Immunotherapy Side Effects
I don't know how many of us are on immunotherapy now that Lou Ann is gone, so I thought I'd post an update on my side effects in case anyone finds it useful. Reactions to immunotherapy are unpredictable; the FDA just approved it for us last year, so there's not much to compare it with whereas the [regrettable] effects of chemo are pretty well known. I've completed six rounds and the side effects have been mercifully mild, but they're definitely there. First was the weakness. I was having radiation during the first 3 rounds and was on massive pain meds to boot, and the combination resulted in extreme exhaustion, e.g. changing the sheets felt like an insurmountable task and I was worn out for the rest of the day. I also had chronic nausea with no appetite whatsoever and lost 15 pounds. I can't say it was all caused by the immunotherapy, but I sure don't think it helped.

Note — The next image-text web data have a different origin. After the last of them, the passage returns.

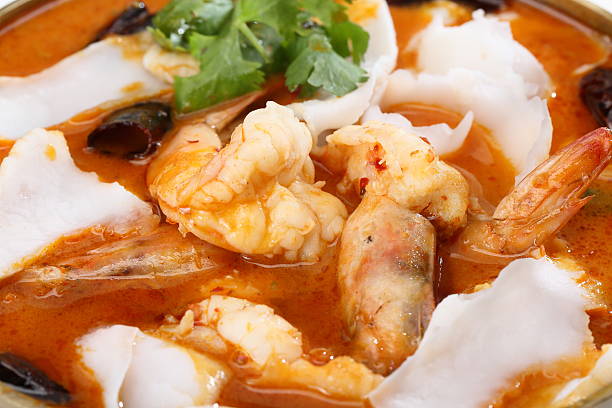 istock Spicy and sour prawn soup with coconut 491681641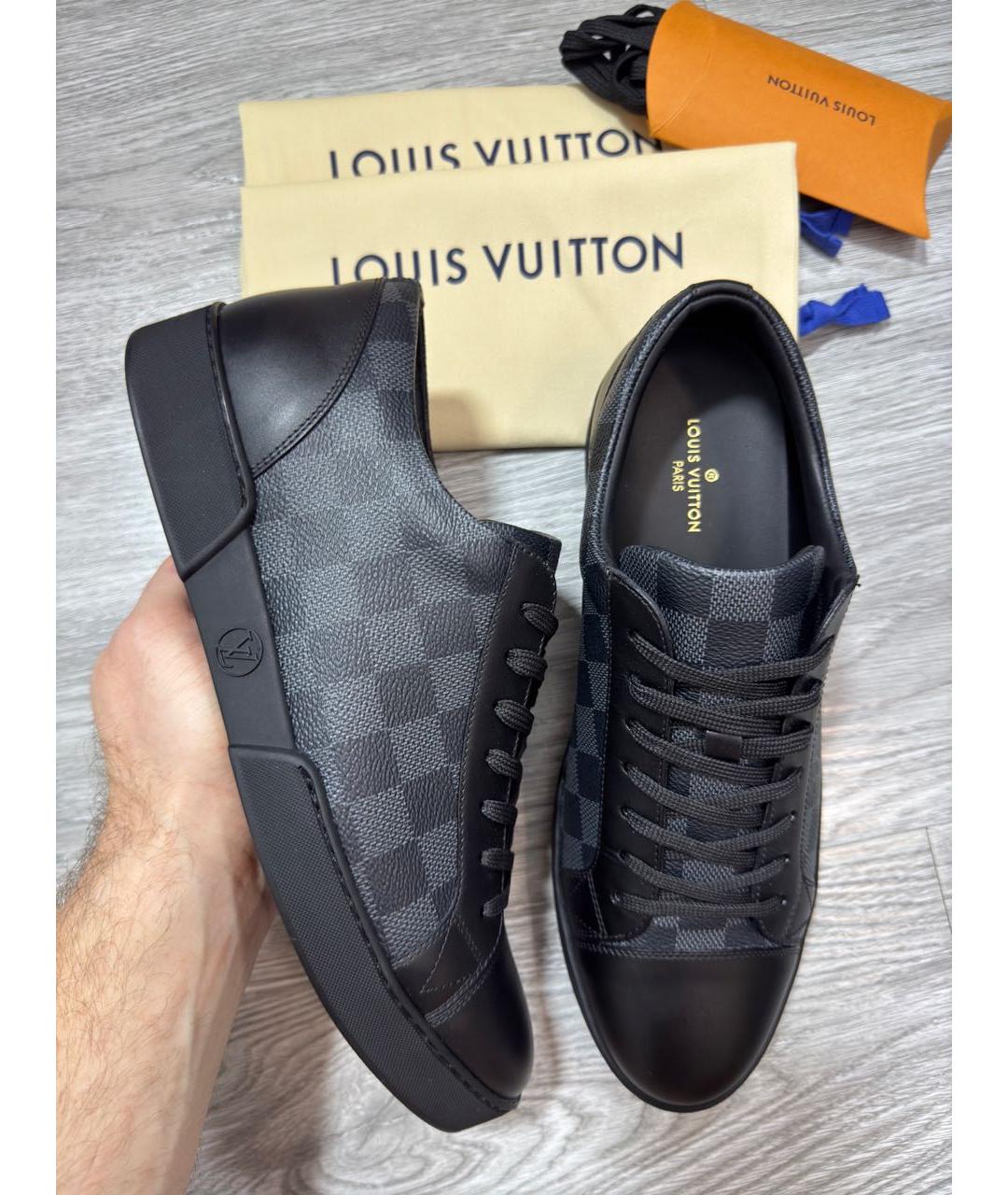 LOUIS VUITTON Черные низкие кроссовки / кеды, фото 2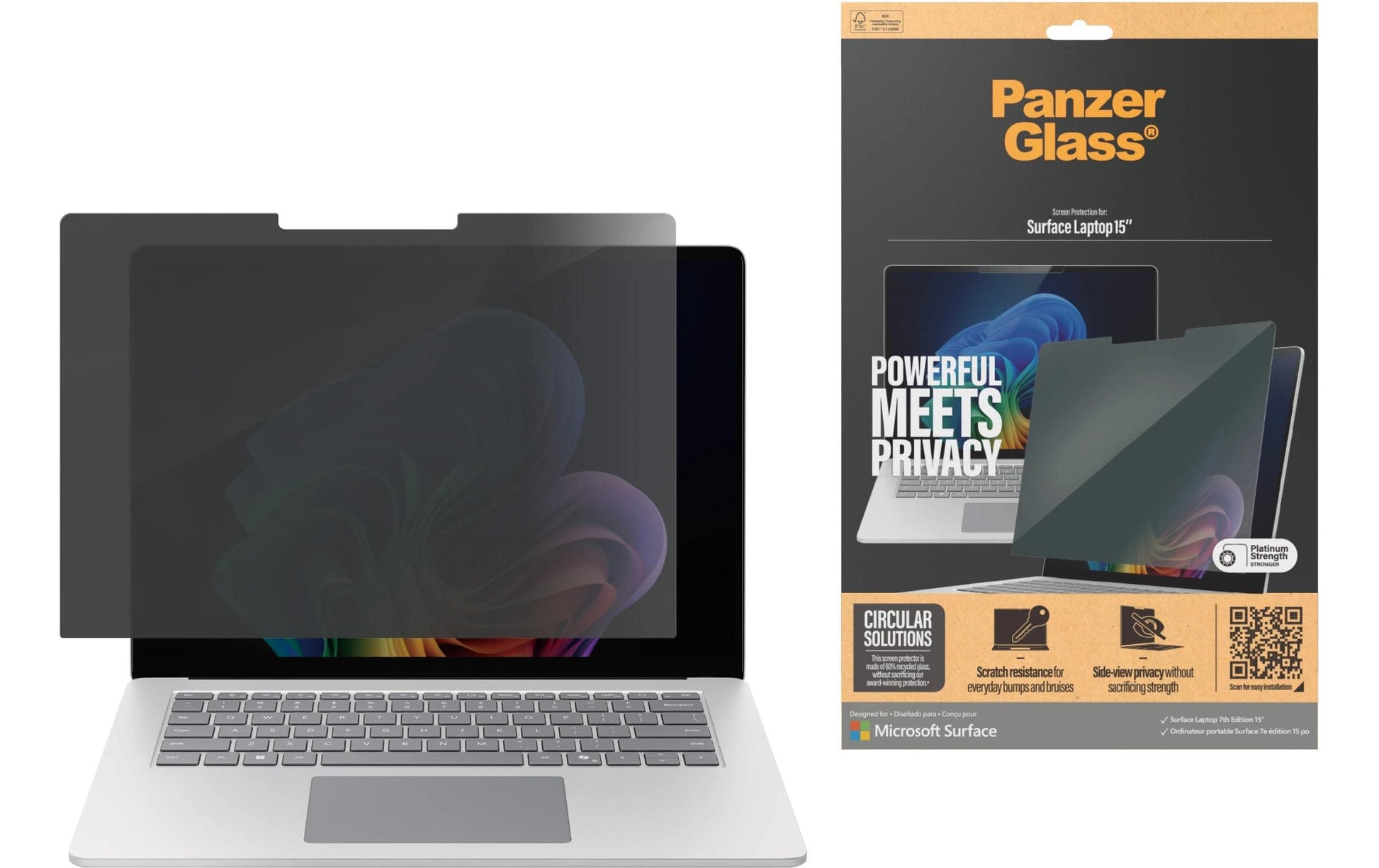 PanzerGlass Displayschutz für Microsoft Surface Laptop 7. Generation 15" – Transparent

Fortunately I rebounded and have had something resembling my new-normal energy level the last few weeks.
My ramped up immune system also over reacts to allergens. I'm always a little sniffly and my usual allergy meds don't do much. And mosquitoes seem to *love* me. I'm covered with bites unless I hose myself down with Cutter twice a day, and I still get bitten a lot. The bites swell up to double their normal size and itch horribly.
My hair and nails are affected as well. I've always had crappy nails but now they're longer and stronger. That's nice. The hair is another story: about a month ago it started falling out at an alarming rate, especially along the hairline. It had come back well after chemo with a lot of [surprisingly nice] gray in it. Now, it's a hell of a lot thinner and - get this - my pretty silver is turning an ashy, dusty brownish color. I think it's ugly. I marinate my scalp in 5% minoxidal twice a day and am getting some peach fuzz back in the thin spots, but overall I have about 2/3 as much hair as I started out with. My eyelashes thinned out, too, but regrettably the facial hair won't take a hint and is going strong.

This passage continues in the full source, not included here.